Scène 4 – Au manoir de Paramore. Miss Wingrave, Mrs Julian et sa fille Kate (fiancée d’Owen) expriment leur ressentiment envers Owen. Le jeune homme arrive : personne ne veut l’accueillir, mais à peine a-t-il franchi la porte qu’il a droit à des reproches et des accusations.

Scène 5 Paramore. Une semaine s’écoule. Rien n’est épargné à Owen, vexations, humiliations, reproches de la part des membres de sa famille.

Scène 6 – Paramore. Mr et Mrs Coyle et Lechmere arrivent au manoir. Mrs Coyle confie à son mari le malaise que lui procure le manoir et sa crainte qu’il soit hanté. Arrive Owen qui raconte les humiliations dont il a été victime depuis son retour et qui n’ont pas entamé sa détermination. Coyle reconnait en lui un vrai combattant qui a décidé de mener sa lutte jusqu’au bout.

Scène 7 – Paramore. C’est l’heure du dîner. La famille entre et s’assoit. Coyle et son épouse essaient de maintenir une conversation propre à alléger un peu l’atmosphère. Chacun profite des pauses du service pour exprimer silencieusement ses pensées. Le climat devient de plus en plus tendu et il suffit d’un mot malencontreux de Mrs Coyle pour déchaîner la colère collective.

Acte II – Prologue. Un narrateur chante une ballade racontant la légende des Wingrave. Autrefois, un jeune garçon aurait été frappé à mort par son père parce qu’il refusait de se battre avec un camarade qui le provoquait.

Scène 1 – Paramore. Mrs Coyle tente en vain de raisonner une Kate plus têtue qu’une mule et qui ne montre aucune compréhension envers son fiancé. Sir Philip convoque Owen dans sa chambre : tout le monde peut entendre le vieil homme réprimander le jeune homme.
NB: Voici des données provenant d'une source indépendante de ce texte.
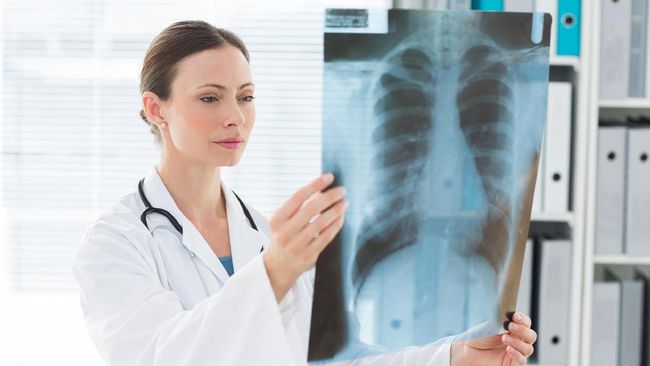8. Sakit tulang  kanker paru-paru juga bisa menyebar ke tulang di area punggung dan lainnya. Rasa sa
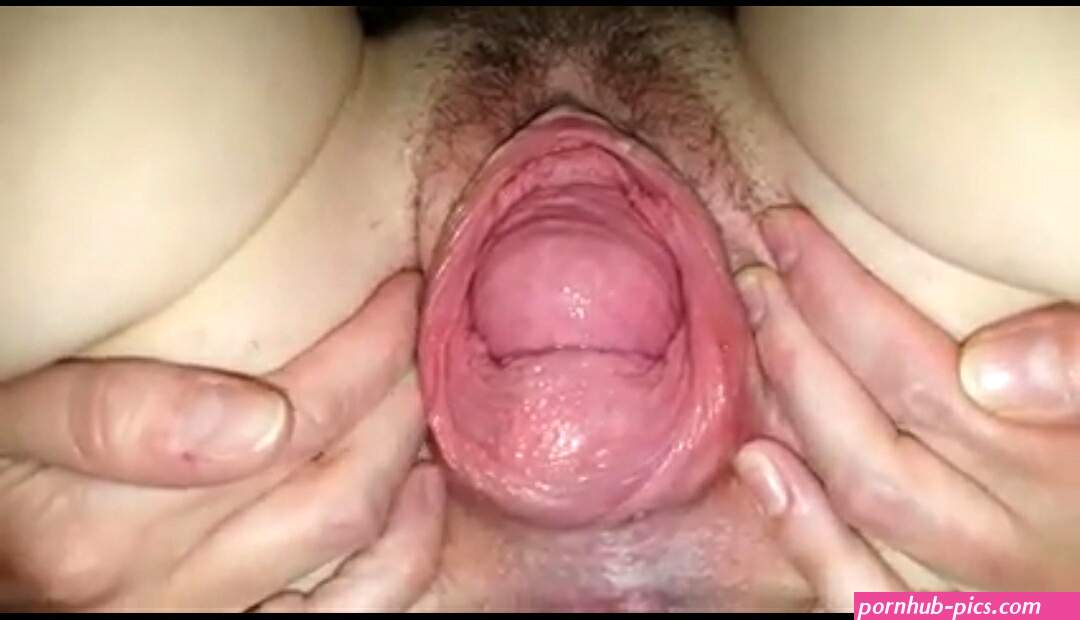 pussyprolapse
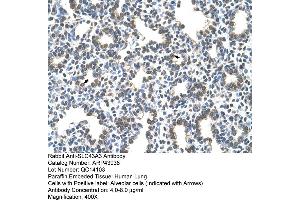 Human Lung (SLC43A3 Antikörper  (N-Term))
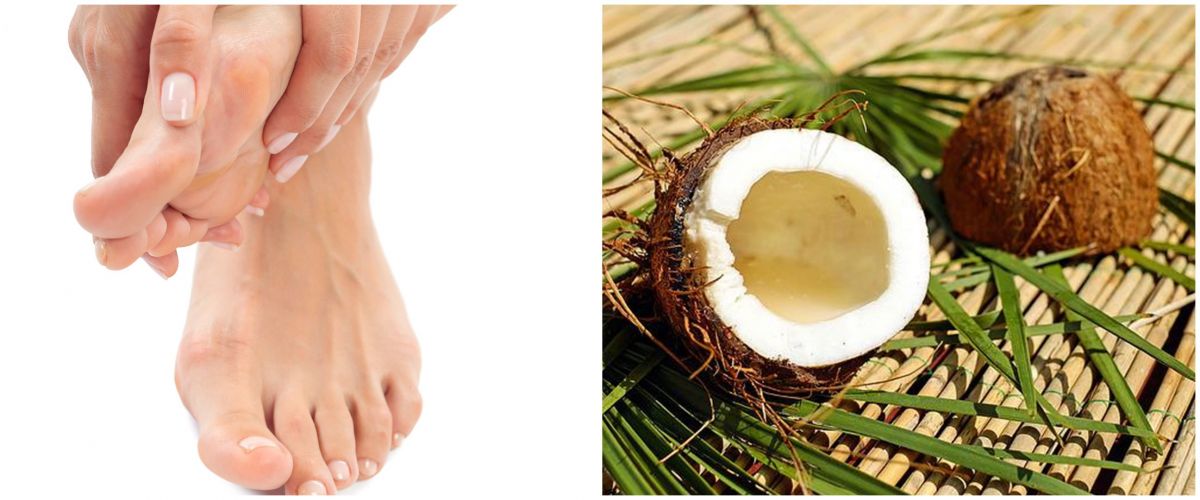 11 Cara menghilangkan bekas luka di kaki secara alami, mudah dila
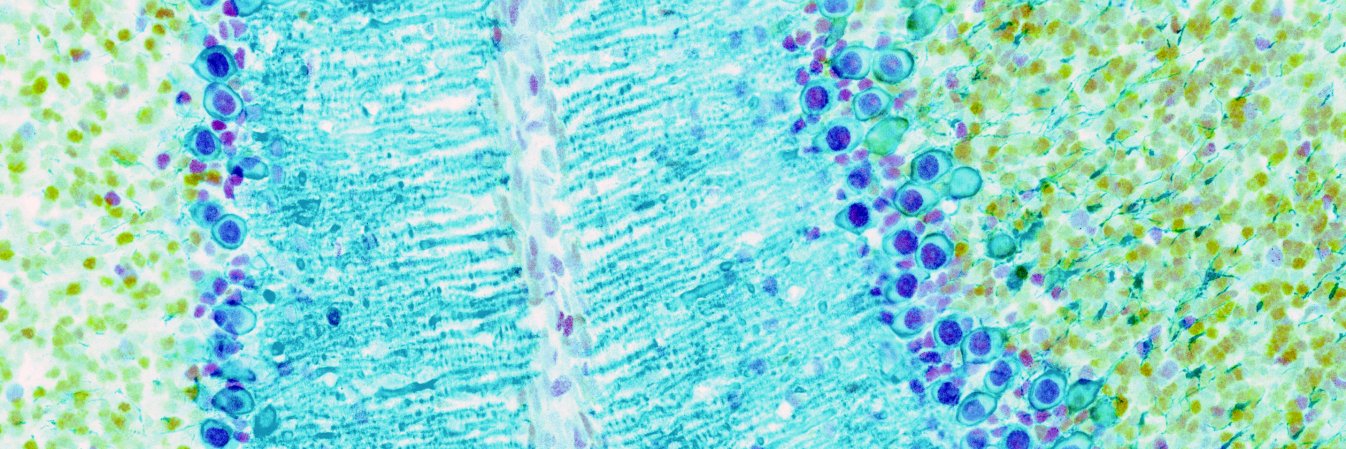 Bonnie Taylor-Blake banner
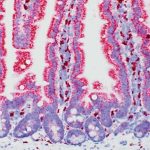 how-high-fat-diets-all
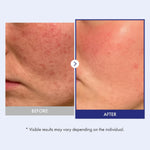 Texture shot of Tosowoong Korean skincare barrier cream showing its lightweight white cream formula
Owen est répudié et déshérité, au grand dam de Mrs Julian qui espérait bien améliorer son statut social grâce au mariage de sa fille avec Owen. Kate, cruellement, provoque son fiancé en flirtant ouvertement avec Lechmère. Resté seul avec les portraits de ses ancêtres, Owen clame encore ses intentions pacifistes et loue sa sérénité reconquise, pensant en avoir fini avec les ennuis familiaux. Kate entre et tous deux évoquent les bonheurs passés. Mais bientôt, la jeune fille traite son fiancé de lâche et le met au défi de passer la nuit dans la chambre « hantée », celle où fut autrefois découvert le corps du jeune garçon. Owen accepte.

Scène 2 – Paramore. Les Coyle et Lechmère n’arrivent pas à dormir. Lechmere informe Coyle que Kate a enfermé Owen dans la chambre hanté mais Coyle ne veut pas intervenir. Au contraire, il vante le courage de son élève. Les cris et les pleurs de Kate interrompent la conversation : tous se précipitent vers la chambre et découvrent le corps sans vie d’Owen. Le narrateur reprend les premiers vers de la ballade.